Exercise objective: Return verbatim the lines that run from the one holding "Полуось Renault magneti marelli 302004190085" to the end of the listing, both ends included, without the pictures.

Records provided:
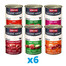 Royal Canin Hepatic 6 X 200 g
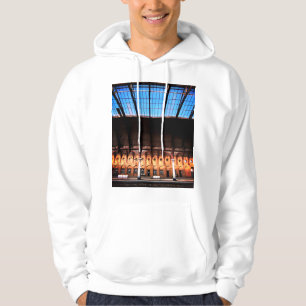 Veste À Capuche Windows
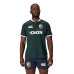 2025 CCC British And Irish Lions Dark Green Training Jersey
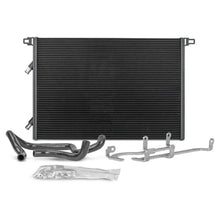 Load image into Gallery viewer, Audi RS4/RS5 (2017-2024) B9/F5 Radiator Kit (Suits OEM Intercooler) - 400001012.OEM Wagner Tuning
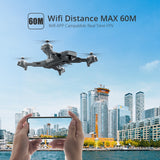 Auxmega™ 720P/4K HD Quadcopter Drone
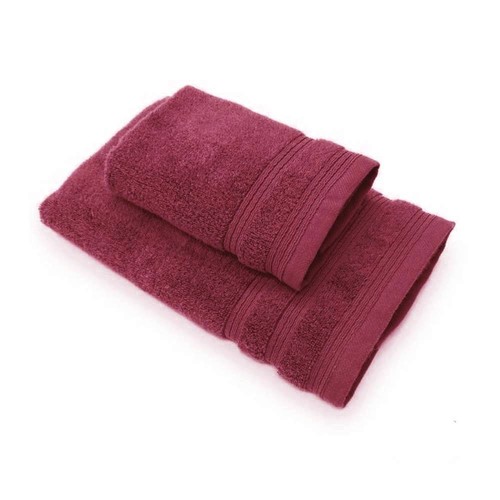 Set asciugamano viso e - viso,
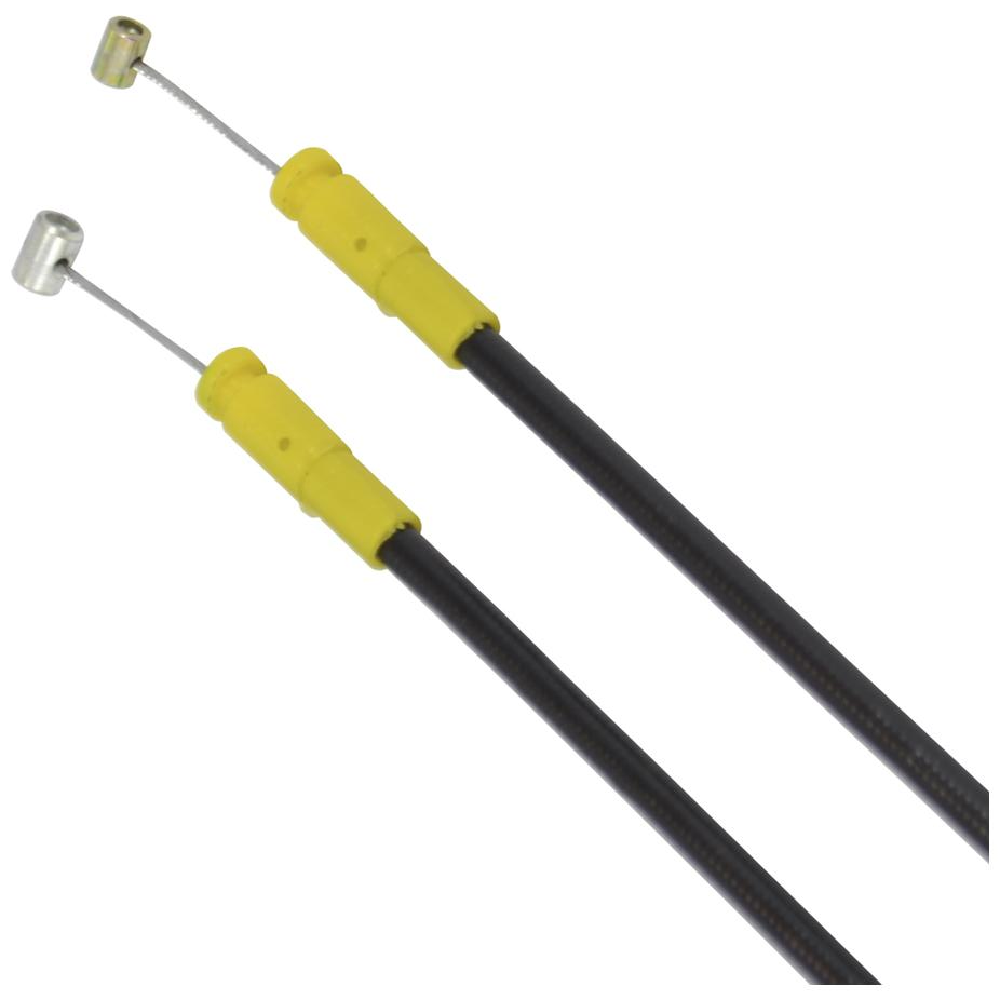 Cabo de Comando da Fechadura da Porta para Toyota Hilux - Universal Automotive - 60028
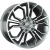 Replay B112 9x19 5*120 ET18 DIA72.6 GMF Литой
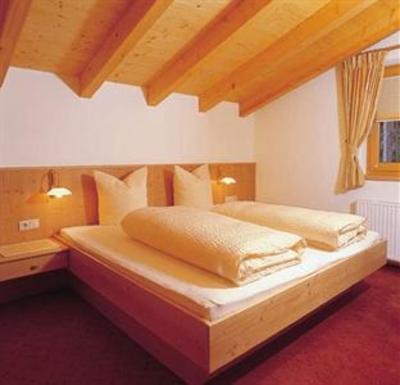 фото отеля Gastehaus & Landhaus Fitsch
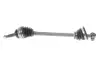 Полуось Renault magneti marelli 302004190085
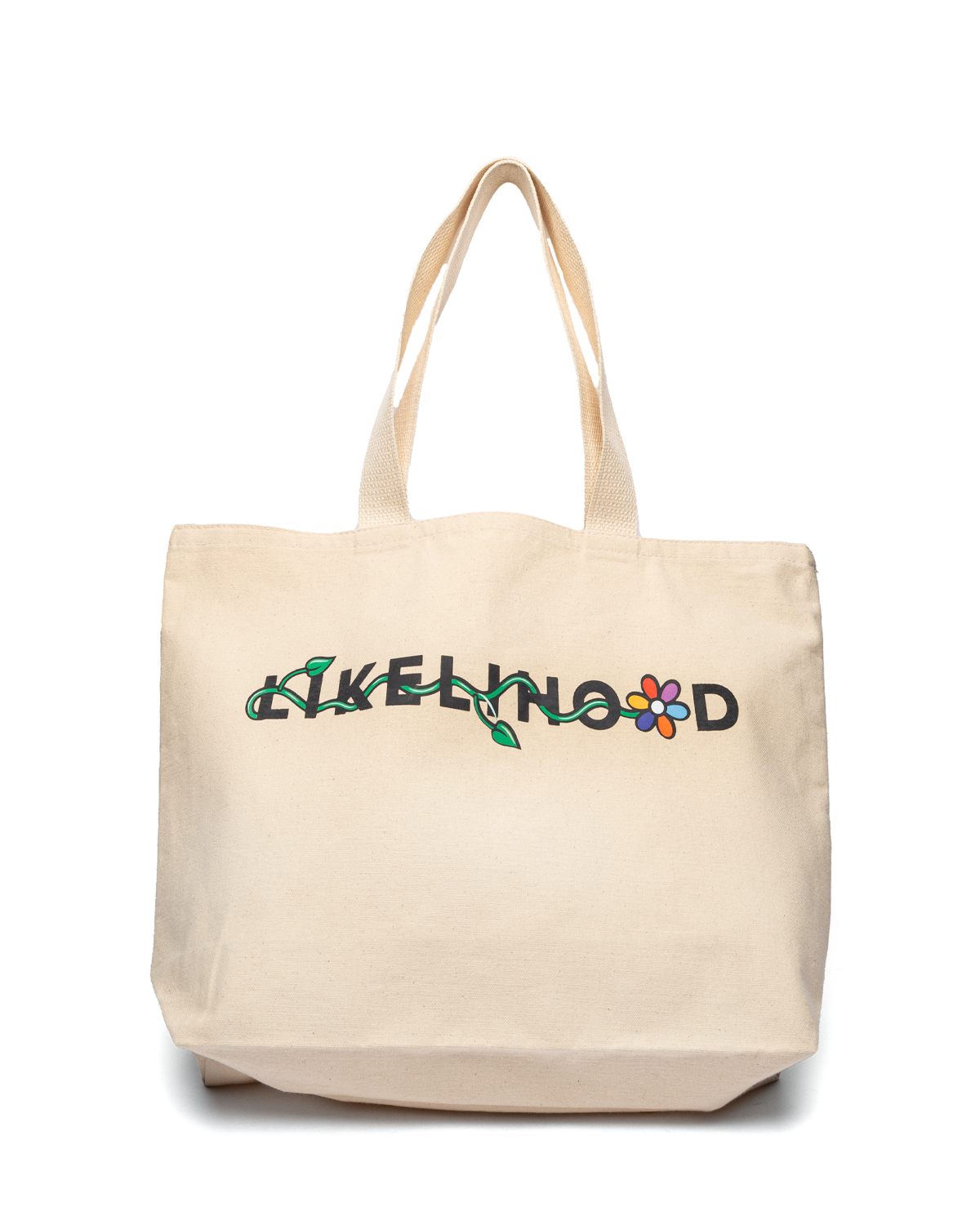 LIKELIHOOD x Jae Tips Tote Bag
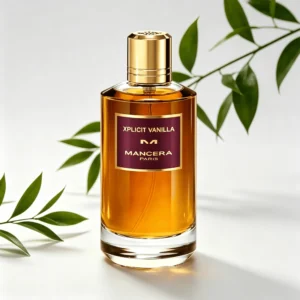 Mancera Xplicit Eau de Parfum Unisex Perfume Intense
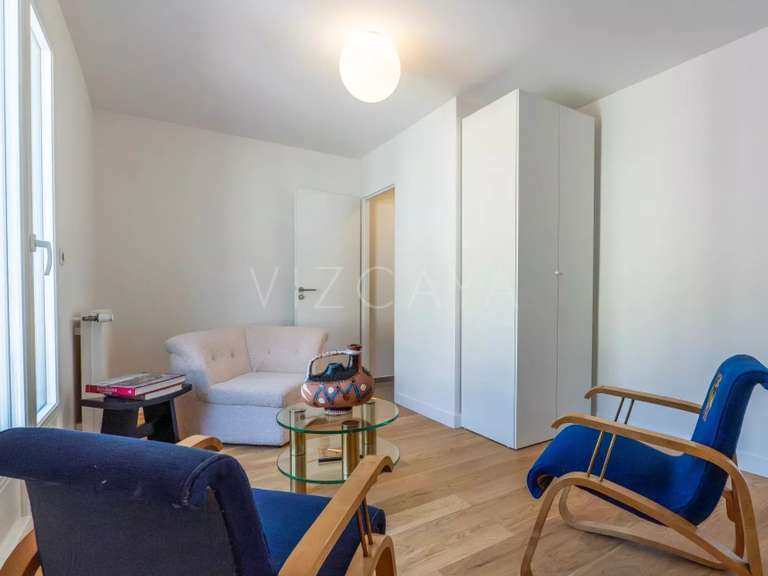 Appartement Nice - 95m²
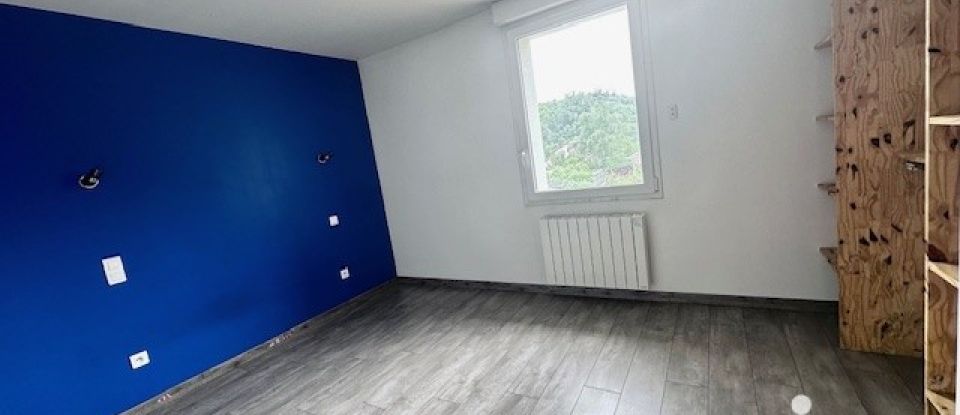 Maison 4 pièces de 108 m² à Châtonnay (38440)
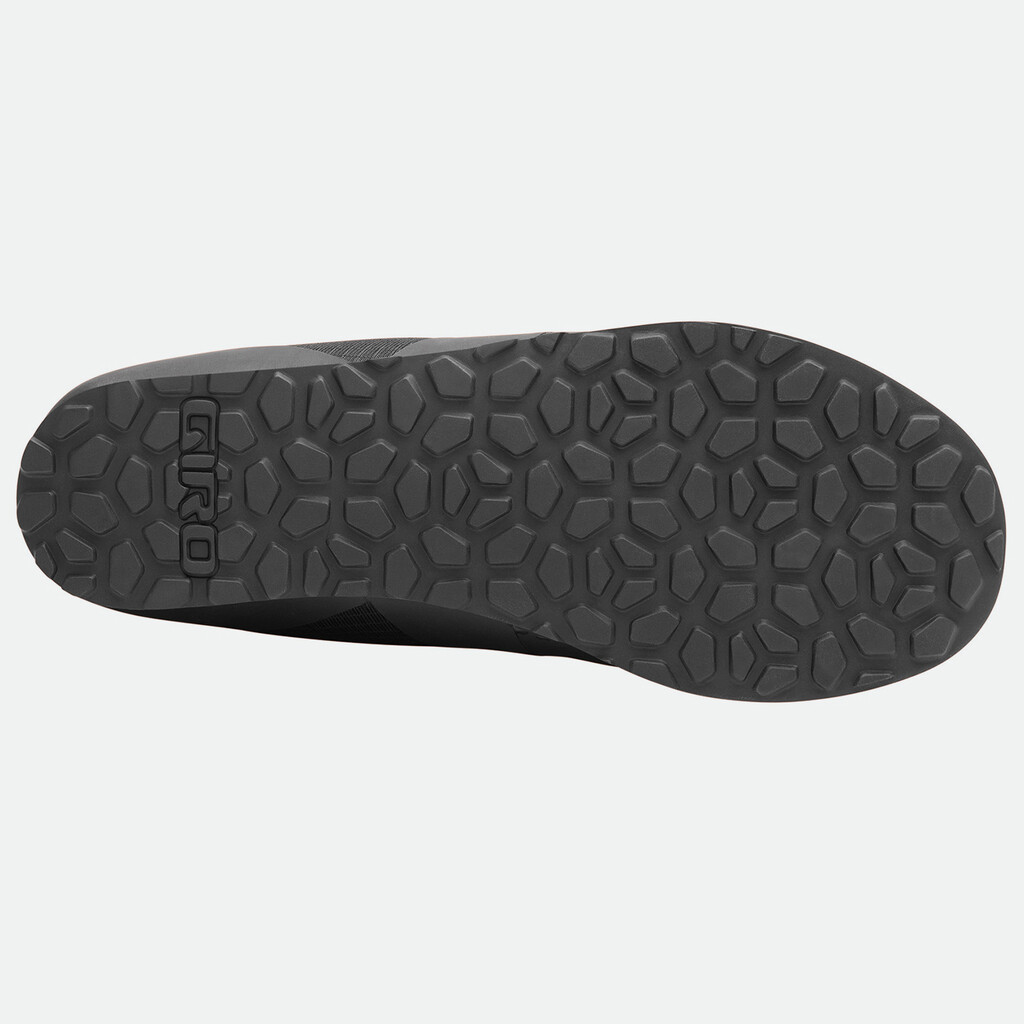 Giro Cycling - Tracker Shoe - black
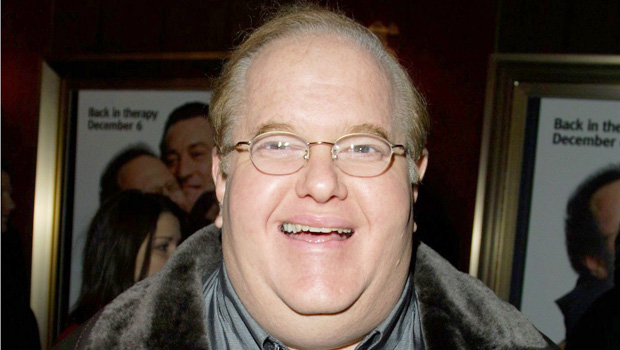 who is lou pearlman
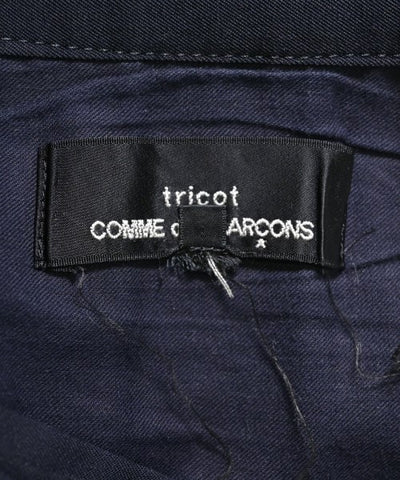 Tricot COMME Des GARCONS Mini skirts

Output for this exercise:
 Полуось Renault magneti marelli 302004190085
 LIKELIHOOD x Jae Tips Tote Bag
 Mancera Xplicit Eau de Parfum Unisex Perfume Intense
 Appartement Nice - 95m²
 Maison 4 pièces de 108 m² à Châtonnay (38440)
 Giro Cycling - Tracker Shoe - black
 who is lou pearlman
 Tricot COMME Des GARCONS Mini skirts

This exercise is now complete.